All of the data beneath this instruction is to be transcribed word for word.

(Short descriptive text snippets)
★ ★ ★ ★

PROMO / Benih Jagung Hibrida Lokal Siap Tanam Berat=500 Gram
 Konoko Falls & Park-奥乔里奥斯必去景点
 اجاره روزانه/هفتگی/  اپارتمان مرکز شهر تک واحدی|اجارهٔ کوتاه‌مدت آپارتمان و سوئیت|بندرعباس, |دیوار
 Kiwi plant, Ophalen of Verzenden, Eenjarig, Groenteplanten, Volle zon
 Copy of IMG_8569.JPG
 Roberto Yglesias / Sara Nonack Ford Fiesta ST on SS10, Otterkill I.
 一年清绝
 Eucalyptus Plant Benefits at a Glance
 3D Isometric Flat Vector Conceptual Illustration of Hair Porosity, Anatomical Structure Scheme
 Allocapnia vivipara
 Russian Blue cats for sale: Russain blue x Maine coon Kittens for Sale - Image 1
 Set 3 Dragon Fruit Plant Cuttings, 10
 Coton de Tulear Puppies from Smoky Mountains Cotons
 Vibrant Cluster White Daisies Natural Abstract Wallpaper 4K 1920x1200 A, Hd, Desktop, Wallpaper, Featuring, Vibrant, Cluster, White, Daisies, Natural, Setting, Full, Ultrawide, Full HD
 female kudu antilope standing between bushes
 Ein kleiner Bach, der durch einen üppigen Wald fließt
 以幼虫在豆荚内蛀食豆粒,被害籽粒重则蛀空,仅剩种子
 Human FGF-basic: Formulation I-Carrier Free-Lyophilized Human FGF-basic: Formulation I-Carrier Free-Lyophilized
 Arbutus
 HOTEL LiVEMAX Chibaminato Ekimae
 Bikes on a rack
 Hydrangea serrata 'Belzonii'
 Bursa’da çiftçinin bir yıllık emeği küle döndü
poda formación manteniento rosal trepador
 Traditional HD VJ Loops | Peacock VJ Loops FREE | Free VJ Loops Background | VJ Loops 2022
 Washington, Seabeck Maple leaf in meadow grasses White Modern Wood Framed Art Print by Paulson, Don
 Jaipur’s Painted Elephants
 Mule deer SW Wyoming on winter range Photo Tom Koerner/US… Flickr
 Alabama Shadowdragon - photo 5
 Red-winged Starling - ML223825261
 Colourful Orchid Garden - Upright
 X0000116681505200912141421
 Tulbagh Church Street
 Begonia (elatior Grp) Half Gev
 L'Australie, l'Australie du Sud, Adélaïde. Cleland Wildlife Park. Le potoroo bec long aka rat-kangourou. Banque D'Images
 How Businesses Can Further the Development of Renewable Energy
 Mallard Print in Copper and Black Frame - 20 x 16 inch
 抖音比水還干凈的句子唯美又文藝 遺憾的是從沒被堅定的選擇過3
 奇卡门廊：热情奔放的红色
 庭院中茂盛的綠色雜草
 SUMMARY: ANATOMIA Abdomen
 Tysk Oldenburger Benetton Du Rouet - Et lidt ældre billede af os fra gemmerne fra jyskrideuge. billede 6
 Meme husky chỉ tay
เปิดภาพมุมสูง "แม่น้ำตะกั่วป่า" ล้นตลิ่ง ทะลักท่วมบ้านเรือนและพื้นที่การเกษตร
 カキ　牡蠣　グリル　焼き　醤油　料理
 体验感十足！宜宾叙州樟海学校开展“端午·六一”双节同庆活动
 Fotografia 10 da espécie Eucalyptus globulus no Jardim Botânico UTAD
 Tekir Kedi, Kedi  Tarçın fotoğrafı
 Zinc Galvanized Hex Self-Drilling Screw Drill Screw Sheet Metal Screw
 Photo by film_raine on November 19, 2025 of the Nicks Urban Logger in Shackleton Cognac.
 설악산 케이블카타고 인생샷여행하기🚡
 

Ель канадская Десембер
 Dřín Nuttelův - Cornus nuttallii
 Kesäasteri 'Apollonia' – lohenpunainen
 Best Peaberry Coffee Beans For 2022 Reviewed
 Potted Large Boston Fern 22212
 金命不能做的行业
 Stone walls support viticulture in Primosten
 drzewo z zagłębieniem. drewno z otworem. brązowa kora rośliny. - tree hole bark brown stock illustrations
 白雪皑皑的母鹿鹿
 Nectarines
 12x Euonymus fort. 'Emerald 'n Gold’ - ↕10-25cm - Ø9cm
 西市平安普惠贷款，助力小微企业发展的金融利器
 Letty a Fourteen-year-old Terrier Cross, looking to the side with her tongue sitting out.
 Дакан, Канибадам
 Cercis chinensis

★ ★ ★ ★

▶ [Solved problem]
PROMO / Benih Jagung Hibrida Lokal Siap Tanam Berat=500 Gram
 Konoko Falls & Park-奥乔里奥斯必去景点
 اجاره روزانه/هفتگی/  اپارتمان مرکز شهر تک واحدی|اجارهٔ کوتاه‌مدت آپارتمان و سوئیت|بندرعباس, |دیوار
 Kiwi plant, Ophalen of Verzenden, Eenjarig, Groenteplanten, Volle zon
 Copy of IMG_8569.JPG
 Roberto Yglesias / Sara Nonack Ford Fiesta ST on SS10, Otterkill I.
 一年清绝
 Eucalyptus Plant Benefits at a Glance
 3D Isometric Flat Vector Conceptual Illustration of Hair Porosity, Anatomical Structure Scheme
 Allocapnia vivipara
 Russian Blue cats for sale: Russain blue x Maine coon Kittens for Sale - Image 1
 Set 3 Dragon Fruit Plant Cuttings, 10
 Coton de Tulear Puppies from Smoky Mountains Cotons
 Vibrant Cluster White Daisies Natural Abstract Wallpaper 4K 1920x1200 A, Hd, Desktop, Wallpaper, Featuring, Vibrant, Cluster, White, Daisies, Natural, Setting, Full, Ultrawide, Full HD
 female kudu antilope standing between bushes
 Ein kleiner Bach, der durch einen üppigen Wald fließt
 以幼虫在豆荚内蛀食豆粒,被害籽粒重则蛀空,仅剩种子
 Human FGF-basic: Formulation I-Carrier Free-Lyophilized Human FGF-basic: Formulation I-Carrier Free-Lyophilized
 Arbutus
 HOTEL LiVEMAX Chibaminato Ekimae
 Bikes on a rack
 Hydrangea serrata 'Belzonii'
 Bursa’da çiftçinin bir yıllık emeği küle döndü
poda formación manteniento rosal trepador
 Traditional HD VJ Loops | Peacock VJ Loops FREE | Free VJ Loops Background | VJ Loops 2022
 Washington, Seabeck Maple leaf in meadow grasses White Modern Wood Framed Art Print by Paulson, Don
 Jaipur’s Painted Elephants
 Mule deer SW Wyoming on winter range Photo Tom Koerner/US… Flickr
 Alabama Shadowdragon - photo 5
 Red-winged Starling - ML223825261
 Colourful Orchid Garden - Upright
 X0000116681505200912141421
 Tulbagh Church Street
 Begonia (elatior Grp) Half Gev
 L'Australie, l'Australie du Sud, Adélaïde. Cleland Wildlife Park. Le potoroo bec long aka rat-kangourou. Banque D'Images
 How Businesses Can Further the Development of Renewable Energy
 Mallard Print in Copper and Black Frame - 20 x 16 inch
 抖音比水還干凈的句子唯美又文藝 遺憾的是從沒被堅定的選擇過3
 奇卡门廊：热情奔放的红色
 庭院中茂盛的綠色雜草
 SUMMARY: ANATOMIA Abdomen
 Tysk Oldenburger Benetton Du Rouet - Et lidt ældre billede af os fra gemmerne fra jyskrideuge. billede 6
 Meme husky chỉ tay
เปิดภาพมุมสูง "แม่น้ำตะกั่วป่า" ล้นตลิ่ง ทะลักท่วมบ้านเรือนและพื้นที่การเกษตร
 カキ　牡蠣　グリル　焼き　醤油　料理
 体验感十足！宜宾叙州樟海学校开展“端午·六一”双节同庆活动
 Fotografia 10 da espécie Eucalyptus globulus no Jardim Botânico UTAD
 Tekir Kedi, Kedi  Tarçın fotoğrafı
 Zinc Galvanized Hex Self-Drilling Screw Drill Screw Sheet Metal Screw
 Photo by film_raine on November 19, 2025 of the Nicks Urban Logger in Shackleton Cognac.
 설악산 케이블카타고 인생샷여행하기🚡
 

Ель канадская Десембер
 Dřín Nuttelův - Cornus nuttallii
 Kesäasteri 'Apollonia' – lohenpunainen
 Best Peaberry Coffee Beans For 2022 Reviewed
 Potted Large Boston Fern 22212
 金命不能做的行业
 Stone walls support viticulture in Primosten
 drzewo z zagłębieniem. drewno z otworem. brązowa kora rośliny. - tree hole bark brown stock illustrations
 白雪皑皑的母鹿鹿
 Nectarines
 12x Euonymus fort. 'Emerald 'n Gold’ - ↕10-25cm - Ø9cm
 西市平安普惠贷款，助力小微企业发展的金融利器
 Letty a Fourteen-year-old Terrier Cross, looking to the side with her tongue sitting out.
 Дакан, Канибадам
 Cercis chinensis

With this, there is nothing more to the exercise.